[solved] Segmentation fault (core dumped) when using DataParallel

Hi, I’m trying to run the code in the tutorial:
http://pytorch.org/tutorials/beginner/blitz/data_parallel_tutorial.html
but I got a Segmentation fault when trying to run it on multiple GPUs in a single node.

Starting program: …/anaconda3/bin/python data_parallel_tutorial.py
[Thread debugging using libthread_db enabled]
Missing separate debuginfo for …/anaconda3/lib/python3.6/site-packages/numpy/…/…/…/libiomp5.so
Detaching after fork from child process 209234.
[New Thread 0x2aaaf5418700 (LWP 209238)]
Let’s use 4 GPUs!
[New Thread 0x2aaaf5619700 (LWP 209239)]
[New Thread 0x2aabf5c00700 (LWP 209243)]
[New Thread 0x2aad04c00700 (LWP 209244)]
[New Thread 0x2aae0cc00700 (LWP 209245)]
[New Thread 0x2aaf164bd700 (LWP 209247)]
[New Thread 0x2aaf4c000700 (LWP 209248)]
[New Thread 0x2aaf4c201700 (LWP 209249)]
[New Thread 0x2aaf4c402700 (LWP 209250)]
[New Thread 0x2aaf4c603700 (LWP 209251)]
In Model: input size torch.Size([8, 5]) output size torch.Size([8, 2])

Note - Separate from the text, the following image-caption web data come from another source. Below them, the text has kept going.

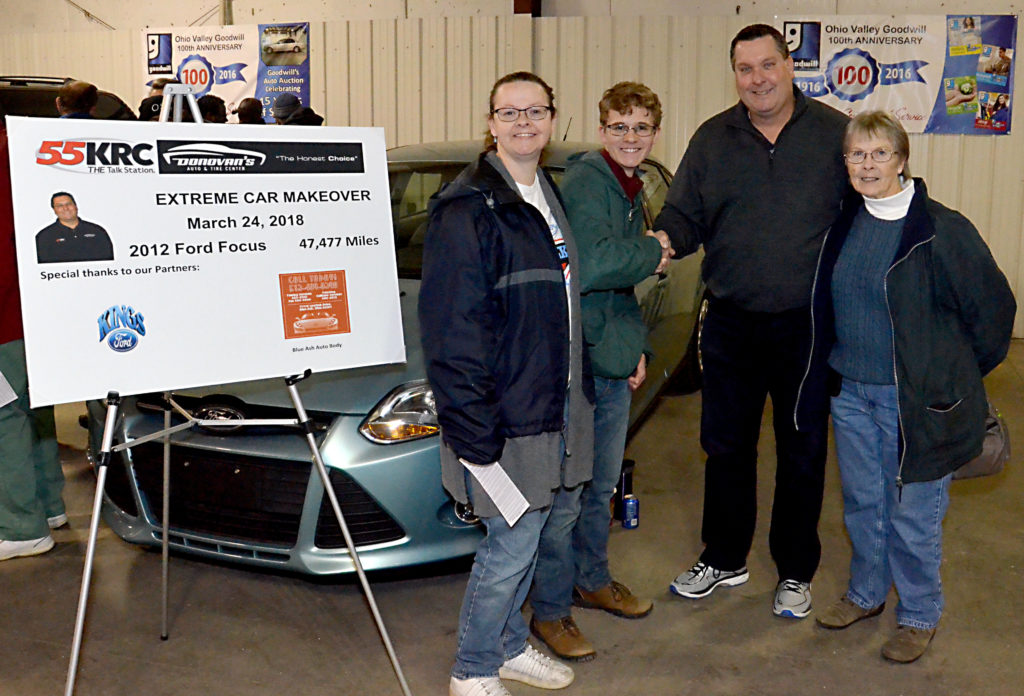 Spring makeover car a winner for family at goodwill auto auction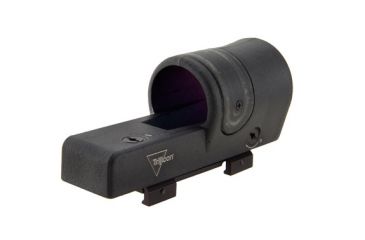Image of Trijicon 42mm Reflex Amber 4pt5 Reticle Sight Black W Weaver Mount Rx34 11 Back V5
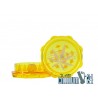 Acryl Magnet Grinder Leaf 2-teilig Yellow 50 mm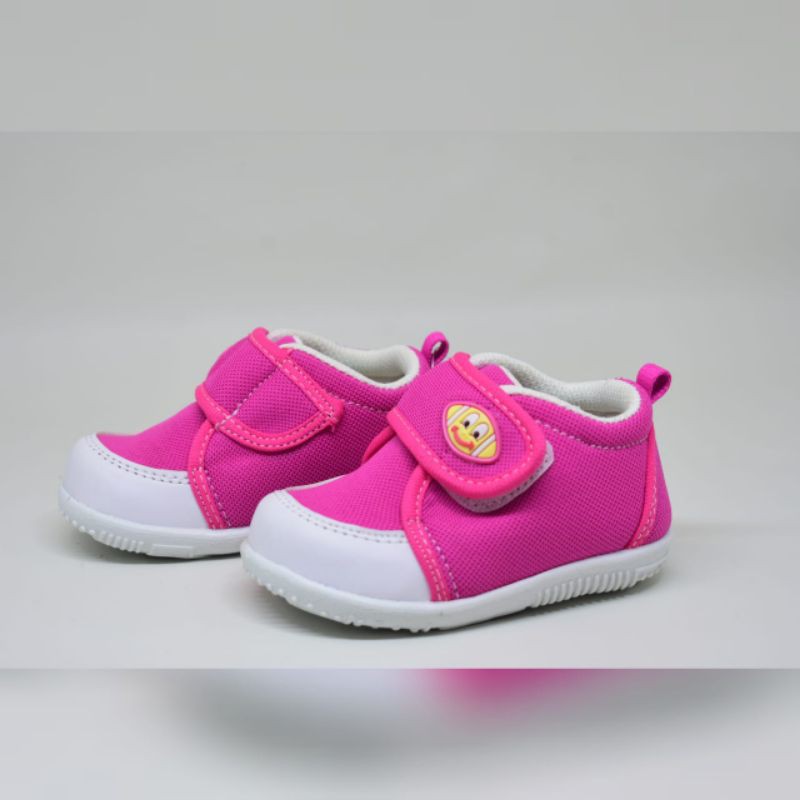 sepatu anak perempuan Rifkidz kain murah casual prepet ringan usia 1 2 3 tahun size 22-25 slip on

Program received signal SIGSEGV, Segmentation fault.
[Switching to Thread 0x2aaf4c000700 (LWP 209248)]
__mempcpy_ssse3 () at …/sysdeps/x86_64/multiarch/memcpy-ssse3.S:2836
2836 …/sysdeps/x86_64/multiarch/memcpy-ssse3.S: No such file or directory.
in …/sysdeps/x86_64/multiarch/memcpy-ssse3.S
Missing separate debuginfos, use: debuginfo-install glibc-2.12-1.209.el6_9.2.x86_64 libibverbs-devel-1.1.8-4.el6.x86_64 libipathverbs-1.3-3.el6.x86_64 libmlx4-1.0.6-7.el6.x86_64 libmlx5-1.0.2-1.el6.x86_64
libnl-1.1.4-2.el6.x86_64 sssd-client-1.13.3-57.el6_9.x86_64

When I set CUDA_VISIBLE_DEVICES=0 (or any other single GPU), the code could run without any error.

The problem could be related to the environment, but I have no idea how to fix it. Any help would be appreciated.

Solved by re-installing from source.